WHAT YOU SHOULD DO = Exact copies of all the entries below are expected in the answer.

Stored items from a collection
- - - - -

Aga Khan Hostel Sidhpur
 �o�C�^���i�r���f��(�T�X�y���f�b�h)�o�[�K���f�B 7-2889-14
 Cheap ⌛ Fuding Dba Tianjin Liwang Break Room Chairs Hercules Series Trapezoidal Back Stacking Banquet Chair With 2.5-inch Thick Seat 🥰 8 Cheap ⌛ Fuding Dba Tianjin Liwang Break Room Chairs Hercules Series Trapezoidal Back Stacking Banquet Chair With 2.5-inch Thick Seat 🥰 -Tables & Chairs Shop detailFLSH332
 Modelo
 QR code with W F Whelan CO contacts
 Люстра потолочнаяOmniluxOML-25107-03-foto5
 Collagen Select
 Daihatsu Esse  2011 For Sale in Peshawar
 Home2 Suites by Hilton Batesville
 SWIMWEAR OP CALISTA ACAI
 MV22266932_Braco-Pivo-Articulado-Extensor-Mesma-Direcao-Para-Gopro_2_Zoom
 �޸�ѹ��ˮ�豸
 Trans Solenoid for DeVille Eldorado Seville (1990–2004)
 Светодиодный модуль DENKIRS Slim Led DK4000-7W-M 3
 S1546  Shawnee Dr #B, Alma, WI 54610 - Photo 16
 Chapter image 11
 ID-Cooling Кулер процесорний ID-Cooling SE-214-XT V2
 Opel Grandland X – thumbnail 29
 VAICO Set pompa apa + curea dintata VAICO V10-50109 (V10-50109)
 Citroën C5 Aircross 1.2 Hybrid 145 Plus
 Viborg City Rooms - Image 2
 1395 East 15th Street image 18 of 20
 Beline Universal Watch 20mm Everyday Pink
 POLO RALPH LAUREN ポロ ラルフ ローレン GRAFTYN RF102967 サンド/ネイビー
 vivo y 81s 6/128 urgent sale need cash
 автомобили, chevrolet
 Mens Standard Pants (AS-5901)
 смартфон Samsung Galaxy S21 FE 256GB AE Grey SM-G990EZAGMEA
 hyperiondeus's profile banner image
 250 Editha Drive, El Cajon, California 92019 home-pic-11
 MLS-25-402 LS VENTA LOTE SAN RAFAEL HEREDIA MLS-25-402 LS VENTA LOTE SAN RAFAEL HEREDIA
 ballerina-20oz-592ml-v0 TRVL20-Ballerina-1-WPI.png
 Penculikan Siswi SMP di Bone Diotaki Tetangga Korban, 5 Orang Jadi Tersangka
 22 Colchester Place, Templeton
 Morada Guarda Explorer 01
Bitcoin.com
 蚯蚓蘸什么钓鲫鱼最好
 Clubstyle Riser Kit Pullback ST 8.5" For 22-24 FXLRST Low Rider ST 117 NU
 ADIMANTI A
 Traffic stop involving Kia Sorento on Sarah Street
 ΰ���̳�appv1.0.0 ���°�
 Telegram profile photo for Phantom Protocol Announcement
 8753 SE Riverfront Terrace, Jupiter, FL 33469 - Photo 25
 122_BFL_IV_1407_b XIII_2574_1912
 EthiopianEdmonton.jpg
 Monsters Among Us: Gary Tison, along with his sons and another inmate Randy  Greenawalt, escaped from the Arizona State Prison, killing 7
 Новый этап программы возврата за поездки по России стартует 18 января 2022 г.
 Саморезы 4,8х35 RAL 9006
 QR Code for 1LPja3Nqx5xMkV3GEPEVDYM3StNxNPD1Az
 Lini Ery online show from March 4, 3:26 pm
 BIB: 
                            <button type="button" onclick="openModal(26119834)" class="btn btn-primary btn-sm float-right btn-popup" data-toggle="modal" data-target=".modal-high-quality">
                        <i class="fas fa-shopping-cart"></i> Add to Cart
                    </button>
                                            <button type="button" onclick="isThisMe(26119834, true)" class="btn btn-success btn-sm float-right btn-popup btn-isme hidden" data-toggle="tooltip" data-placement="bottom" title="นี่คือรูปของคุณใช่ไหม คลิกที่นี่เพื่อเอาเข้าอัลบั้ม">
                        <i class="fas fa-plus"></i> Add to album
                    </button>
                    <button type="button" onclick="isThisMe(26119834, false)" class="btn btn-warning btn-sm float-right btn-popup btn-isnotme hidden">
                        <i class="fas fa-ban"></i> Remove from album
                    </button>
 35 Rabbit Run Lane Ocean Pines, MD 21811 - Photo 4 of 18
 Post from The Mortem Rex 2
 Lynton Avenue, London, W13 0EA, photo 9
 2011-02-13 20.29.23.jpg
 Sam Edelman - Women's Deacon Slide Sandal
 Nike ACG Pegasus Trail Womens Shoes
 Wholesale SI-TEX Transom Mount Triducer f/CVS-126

- - - - -

RESPONSE BOX =
Aga Khan Hostel Sidhpur
 �o�C�^���i�r���f��(�T�X�y���f�b�h)�o�[�K���f�B 7-2889-14
 Cheap ⌛ Fuding Dba Tianjin Liwang Break Room Chairs Hercules Series Trapezoidal Back Stacking Banquet Chair With 2.5-inch Thick Seat 🥰 8 Cheap ⌛ Fuding Dba Tianjin Liwang Break Room Chairs Hercules Series Trapezoidal Back Stacking Banquet Chair With 2.5-inch Thick Seat 🥰 -Tables & Chairs Shop detailFLSH332
 Modelo
 QR code with W F Whelan CO contacts
 Люстра потолочнаяOmniluxOML-25107-03-foto5
 Collagen Select
 Daihatsu Esse  2011 For Sale in Peshawar
 Home2 Suites by Hilton Batesville
 SWIMWEAR OP CALISTA ACAI
 MV22266932_Braco-Pivo-Articulado-Extensor-Mesma-Direcao-Para-Gopro_2_Zoom
 �޸�ѹ��ˮ�豸
 Trans Solenoid for DeVille Eldorado Seville (1990–2004)
 Светодиодный модуль DENKIRS Slim Led DK4000-7W-M 3
 S1546  Shawnee Dr #B, Alma, WI 54610 - Photo 16
 Chapter image 11
 ID-Cooling Кулер процесорний ID-Cooling SE-214-XT V2
 Opel Grandland X – thumbnail 29
 VAICO Set pompa apa + curea dintata VAICO V10-50109 (V10-50109)
 Citroën C5 Aircross 1.2 Hybrid 145 Plus
 Viborg City Rooms - Image 2
 1395 East 15th Street image 18 of 20
 Beline Universal Watch 20mm Everyday Pink
 POLO RALPH LAUREN ポロ ラルフ ローレン GRAFTYN RF102967 サンド/ネイビー
 vivo y 81s 6/128 urgent sale need cash
 автомобили, chevrolet
 Mens Standard Pants (AS-5901)
 смартфон Samsung Galaxy S21 FE 256GB AE Grey SM-G990EZAGMEA
 hyperiondeus's profile banner image
 250 Editha Drive, El Cajon, California 92019 home-pic-11
 MLS-25-402 LS VENTA LOTE SAN RAFAEL HEREDIA MLS-25-402 LS VENTA LOTE SAN RAFAEL HEREDIA
 ballerina-20oz-592ml-v0 TRVL20-Ballerina-1-WPI.png
 Penculikan Siswi SMP di Bone Diotaki Tetangga Korban, 5 Orang Jadi Tersangka
 22 Colchester Place, Templeton
 Morada Guarda Explorer 01
Bitcoin.com
 蚯蚓蘸什么钓鲫鱼最好
 Clubstyle Riser Kit Pullback ST 8.5" For 22-24 FXLRST Low Rider ST 117 NU
 ADIMANTI A
 Traffic stop involving Kia Sorento on Sarah Street
 ΰ���̳�appv1.0.0 ���°�
 Telegram profile photo for Phantom Protocol Announcement
 8753 SE Riverfront Terrace, Jupiter, FL 33469 - Photo 25
 122_BFL_IV_1407_b XIII_2574_1912
 EthiopianEdmonton.jpg
 Monsters Among Us: Gary Tison, along with his sons and another inmate Randy  Greenawalt, escaped from the Arizona State Prison, killing 7
 Новый этап программы возврата за поездки по России стартует 18 января 2022 г.
 Саморезы 4,8х35 RAL 9006
 QR Code for 1LPja3Nqx5xMkV3GEPEVDYM3StNxNPD1Az
 Lini Ery online show from March 4, 3:26 pm
 BIB: 
                            <button type="button" onclick="openModal(26119834)" class="btn btn-primary btn-sm float-right btn-popup" data-toggle="modal" data-target=".modal-high-quality">
                        <i class="fas fa-shopping-cart"></i> Add to Cart
                    </button>
                                            <button type="button" onclick="isThisMe(26119834, true)" class="btn btn-success btn-sm float-right btn-popup btn-isme hidden" data-toggle="tooltip" data-placement="bottom" title="นี่คือรูปของคุณใช่ไหม คลิกที่นี่เพื่อเอาเข้าอัลบั้ม">
                        <i class="fas fa-plus"></i> Add to album
                    </button>
                    <button type="button" onclick="isThisMe(26119834, false)" class="btn btn-warning btn-sm float-right btn-popup btn-isnotme hidden">
                        <i class="fas fa-ban"></i> Remove from album
                    </button>
 35 Rabbit Run Lane Ocean Pines, MD 21811 - Photo 4 of 18
 Post from The Mortem Rex 2
 Lynton Avenue, London, W13 0EA, photo 9
 2011-02-13 20.29.23.jpg
 Sam Edelman - Women's Deacon Slide Sandal
 Nike ACG Pegasus Trail Womens Shoes
 Wholesale SI-TEX Transom Mount Triducer f/CVS-126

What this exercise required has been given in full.